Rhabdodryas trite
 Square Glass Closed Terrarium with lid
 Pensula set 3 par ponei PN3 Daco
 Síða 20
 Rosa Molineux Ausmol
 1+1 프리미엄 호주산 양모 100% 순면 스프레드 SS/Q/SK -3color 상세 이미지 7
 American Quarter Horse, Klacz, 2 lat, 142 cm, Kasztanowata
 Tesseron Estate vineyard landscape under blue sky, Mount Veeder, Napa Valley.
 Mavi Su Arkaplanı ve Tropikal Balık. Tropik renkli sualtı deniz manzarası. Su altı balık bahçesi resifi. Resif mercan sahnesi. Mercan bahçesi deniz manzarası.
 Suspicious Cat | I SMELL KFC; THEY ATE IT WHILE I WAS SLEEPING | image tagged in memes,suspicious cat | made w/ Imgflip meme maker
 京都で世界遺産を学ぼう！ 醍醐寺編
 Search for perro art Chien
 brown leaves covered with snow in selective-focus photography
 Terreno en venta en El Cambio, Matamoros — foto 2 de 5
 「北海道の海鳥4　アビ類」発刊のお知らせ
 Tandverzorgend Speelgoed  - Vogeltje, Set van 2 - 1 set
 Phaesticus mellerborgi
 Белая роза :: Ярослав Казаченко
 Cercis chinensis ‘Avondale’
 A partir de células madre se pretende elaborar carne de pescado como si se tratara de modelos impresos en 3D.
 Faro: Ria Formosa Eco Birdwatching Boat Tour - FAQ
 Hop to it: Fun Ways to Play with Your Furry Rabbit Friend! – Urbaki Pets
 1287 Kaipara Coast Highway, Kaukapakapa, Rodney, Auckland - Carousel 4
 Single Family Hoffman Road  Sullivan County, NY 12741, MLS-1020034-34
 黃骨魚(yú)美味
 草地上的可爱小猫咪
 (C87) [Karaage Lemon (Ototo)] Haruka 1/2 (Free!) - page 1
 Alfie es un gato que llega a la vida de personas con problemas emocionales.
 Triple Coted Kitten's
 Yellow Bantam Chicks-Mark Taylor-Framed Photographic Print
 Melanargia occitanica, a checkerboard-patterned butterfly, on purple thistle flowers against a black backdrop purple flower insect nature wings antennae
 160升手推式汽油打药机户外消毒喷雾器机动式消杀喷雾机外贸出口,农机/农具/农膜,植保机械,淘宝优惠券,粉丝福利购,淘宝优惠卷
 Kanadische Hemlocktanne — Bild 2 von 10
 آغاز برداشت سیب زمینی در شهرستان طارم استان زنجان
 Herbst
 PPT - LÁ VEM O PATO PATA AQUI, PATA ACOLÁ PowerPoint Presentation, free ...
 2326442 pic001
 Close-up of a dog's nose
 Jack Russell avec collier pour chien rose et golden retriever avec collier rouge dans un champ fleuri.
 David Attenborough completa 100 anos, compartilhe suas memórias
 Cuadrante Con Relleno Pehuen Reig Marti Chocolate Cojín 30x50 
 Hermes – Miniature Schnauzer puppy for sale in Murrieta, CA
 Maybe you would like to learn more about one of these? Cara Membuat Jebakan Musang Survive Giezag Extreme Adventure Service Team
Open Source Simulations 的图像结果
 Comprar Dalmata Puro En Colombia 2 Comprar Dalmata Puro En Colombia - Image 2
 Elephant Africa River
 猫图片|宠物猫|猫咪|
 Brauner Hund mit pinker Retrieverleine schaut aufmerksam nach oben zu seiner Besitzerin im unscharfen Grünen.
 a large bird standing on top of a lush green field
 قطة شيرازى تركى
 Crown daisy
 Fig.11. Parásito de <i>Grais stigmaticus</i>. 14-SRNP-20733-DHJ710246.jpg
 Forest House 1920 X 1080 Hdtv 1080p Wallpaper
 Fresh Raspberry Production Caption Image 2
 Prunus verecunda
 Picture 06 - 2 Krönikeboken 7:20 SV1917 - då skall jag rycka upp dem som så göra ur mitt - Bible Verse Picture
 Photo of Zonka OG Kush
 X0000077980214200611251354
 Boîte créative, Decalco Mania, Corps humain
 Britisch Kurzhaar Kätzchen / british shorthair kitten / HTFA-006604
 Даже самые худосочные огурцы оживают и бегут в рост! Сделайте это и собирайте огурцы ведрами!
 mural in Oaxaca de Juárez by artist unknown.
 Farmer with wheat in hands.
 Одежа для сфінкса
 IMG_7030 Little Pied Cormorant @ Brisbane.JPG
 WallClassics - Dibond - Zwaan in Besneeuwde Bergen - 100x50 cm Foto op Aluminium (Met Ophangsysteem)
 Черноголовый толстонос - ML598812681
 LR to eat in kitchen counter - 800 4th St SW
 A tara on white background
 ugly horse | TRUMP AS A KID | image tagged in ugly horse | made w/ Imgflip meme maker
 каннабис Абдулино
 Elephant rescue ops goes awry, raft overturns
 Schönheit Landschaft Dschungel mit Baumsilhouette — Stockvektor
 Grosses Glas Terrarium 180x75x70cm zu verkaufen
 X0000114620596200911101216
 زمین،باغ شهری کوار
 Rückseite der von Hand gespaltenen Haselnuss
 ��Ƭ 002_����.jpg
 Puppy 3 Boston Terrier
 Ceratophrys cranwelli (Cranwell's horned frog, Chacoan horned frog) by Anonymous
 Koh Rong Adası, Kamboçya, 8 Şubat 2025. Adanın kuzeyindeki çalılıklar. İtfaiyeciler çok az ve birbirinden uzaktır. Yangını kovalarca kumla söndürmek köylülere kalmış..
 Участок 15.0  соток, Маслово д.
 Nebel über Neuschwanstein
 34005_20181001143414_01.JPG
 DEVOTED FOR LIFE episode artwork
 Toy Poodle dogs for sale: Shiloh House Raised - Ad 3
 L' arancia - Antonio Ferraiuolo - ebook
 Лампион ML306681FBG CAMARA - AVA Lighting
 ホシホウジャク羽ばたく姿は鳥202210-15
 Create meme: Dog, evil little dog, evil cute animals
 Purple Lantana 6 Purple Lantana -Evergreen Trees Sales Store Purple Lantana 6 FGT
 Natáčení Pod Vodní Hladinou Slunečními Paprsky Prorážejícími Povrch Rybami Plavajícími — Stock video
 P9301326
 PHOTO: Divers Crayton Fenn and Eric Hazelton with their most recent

**WORK ORDER:**
After locating the line with "Даже самые худосочные" in the material above, return it and each line after it exactly, ending at the line with "Schönheit Landschaft Dschungel".

**SOLUTION TO THIS PROBLEM:**
 Даже самые худосочные огурцы оживают и бегут в рост! Сделайте это и собирайте огурцы ведрами!
 mural in Oaxaca de Juárez by artist unknown.
 Farmer with wheat in hands.
 Одежа для сфінкса
 IMG_7030 Little Pied Cormorant @ Brisbane.JPG
 WallClassics - Dibond - Zwaan in Besneeuwde Bergen - 100x50 cm Foto op Aluminium (Met Ophangsysteem)
 Черноголовый толстонос - ML598812681
 LR to eat in kitchen counter - 800 4th St SW
 A tara on white background
 ugly horse | TRUMP AS A KID | image tagged in ugly horse | made w/ Imgflip meme maker
 каннабис Абдулино
 Elephant rescue ops goes awry, raft overturns
 Schönheit Landschaft Dschungel mit Baumsilhouette — Stockvektor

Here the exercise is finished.